"Were you happy with that exile, too?" No, I suffered there, the destiny whipped me there. It didn’t caress me, it whipped me to blood. And later, it sometimes stroked me gently, I excelled in something, achieved something, I worked here and there. But in the exile, the destiny tortured me. I was unhappy. I was happy with everything, but there, I suffered, because I was born in a place where people joined the Germans. They faced consequences of that decision in the form of suffering.”
"When you were lured to the Communist Party, how did it go?" The application was placed on my desk, I didn’t sign it, but returned it. The chairman of the party, such a zealous man, came to me and said if I would not join that party, they threatened me if I would not give up I would be forced to leave the office. I said to him, 'I'm not afraid, I can still make a living, I have a welding helmet here, I can weld.' Then the general director called me to his office and tried to persuade me:” You shall sing the song of the man whose bread you eat.” I didn't want to tell him what we'd been through, that we'd thought we wouldn't join anything [a party]. That my parents joined, and I have faced the consequences, everything was taken away from me and I was forced to start anew. You know, it was not futile.
That's how the zealots of the fifties or sixties ... Then I learned that they were counting on me, that I had the good successes, the graduation, that everything was used, the transport improver and various improvements I did. I was also evaluated as the best improver, so they counted on me, the technical deputy, if I joined the party. When I didn't join the party and I refused to do that, they took away my bonuses, I didn't get a promotion. I was tempted to take the trumpet and go earn extra money by playing. And take this as a sideliner. Or then start to design so that I have it the way the others did. The others let themselves be won over; a friend was sitting next to me who joined [the party]. And they all joined, many, all of them… I was the only one, who refused to get persuaded. They all went to the party meeting, I went home. I was singing at the timeclock. “Soldier alone in the field rides home”. Those, who joined, weren’t like that… because they feared for their employment, to be able to maintain their warm spot in the office, avoid manual work. Those in 1968, at the time of the turnaround, were loyal, so they were expelled again. I recall one of the communists telling me I did the right thing by not joining the party, because he was the complications. We were facing such problems there…”
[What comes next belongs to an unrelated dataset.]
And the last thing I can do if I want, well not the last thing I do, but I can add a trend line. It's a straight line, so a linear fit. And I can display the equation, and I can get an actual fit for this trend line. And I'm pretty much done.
"Do you remember exactly the day you left? How did you find out? Did someone come to tell you that? ”-“Yes. He came to say that we had to move out in order to pick up the most necessary things and to the committee in the village by certain hours, and from there we would go to Austria that they came to tell us. "-" Were they the partisans? " Partisans, or the Czechs from the committee. I don't know who was going around anymore, who was so proactive, that he helped to get around it. What they didn't get around, the guerrillas were probably in charge of leaving. The men were locked up in that school. The men were separated. We, who were allowed to stay in those cottages were only women with children.
We were only allowed to take the most important things and then we were sent to the transports. Do you remember your mother how she packed, what things she took? " I remember, she packed a trolley to carry my sister. She dressed us; I remember wearing more clothes than I needed. She didn’t take any of my toys. She gave me so many clothes to smuggle them believing they would check how many shirts or trousers are we wearing, I had difficulties walking in the transport then. She didn’t know what we’ll be allowed to take with us. So she packed the clothes “onto us” also. And we went. She pulled, pushed. I walked by feet, my sister was sitting, on the trolley, on the most essential things we were allowed to take. She quickly took some food also, I remember.”
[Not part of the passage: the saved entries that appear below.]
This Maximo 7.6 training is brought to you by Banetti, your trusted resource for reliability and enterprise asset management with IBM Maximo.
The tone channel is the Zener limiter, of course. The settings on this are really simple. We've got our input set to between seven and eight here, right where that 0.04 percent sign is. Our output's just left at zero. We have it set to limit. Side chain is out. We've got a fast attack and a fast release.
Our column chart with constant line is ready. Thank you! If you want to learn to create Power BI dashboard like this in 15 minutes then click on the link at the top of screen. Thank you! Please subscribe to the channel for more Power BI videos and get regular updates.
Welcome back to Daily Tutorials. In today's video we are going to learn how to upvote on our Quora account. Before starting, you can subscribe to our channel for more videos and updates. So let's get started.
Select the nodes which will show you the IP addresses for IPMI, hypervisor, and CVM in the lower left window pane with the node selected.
Rudolf Kropík was born on February 28, 1937 in Schwarzbach (Tušť) on the border of Vitorazsko. He came from a mixed Czech-German marriage. Father Adolf Kropík applied for “Reich” citizenship during the Protectorate, had to enlist in the Wehrmacht and in 1944 fell on the Russian front. In May 1945, a witness with his mother Augustine and sister Maria was expelled to Brand, Austria, as part of a wild deportation. They spent about two weeks here, then were allowed to return to Schwarzbach, which became Tušt after the war. All property, real estate and personal belongings of the Kropik family were confiscated. Rudolf trained as a carpenter in Tábor and from 1953 he worked in shipyards in Prague. He graduated from a two-year evening school of mechanical engineering. From 1956 to 1958 he completed military service in Kostelec nad Labem. From 1960 he worked in the railway workshops in České Velenice, first as a welder and later as a technologist. In 1964, he completed a three-year distance learning course with a high school leaving examination at the Industrial School of Mechanical Engineering in České Budějovice. He has been designing heating privately since the early 1990s. In 2020, Rudolf Kropík lived in Tušť.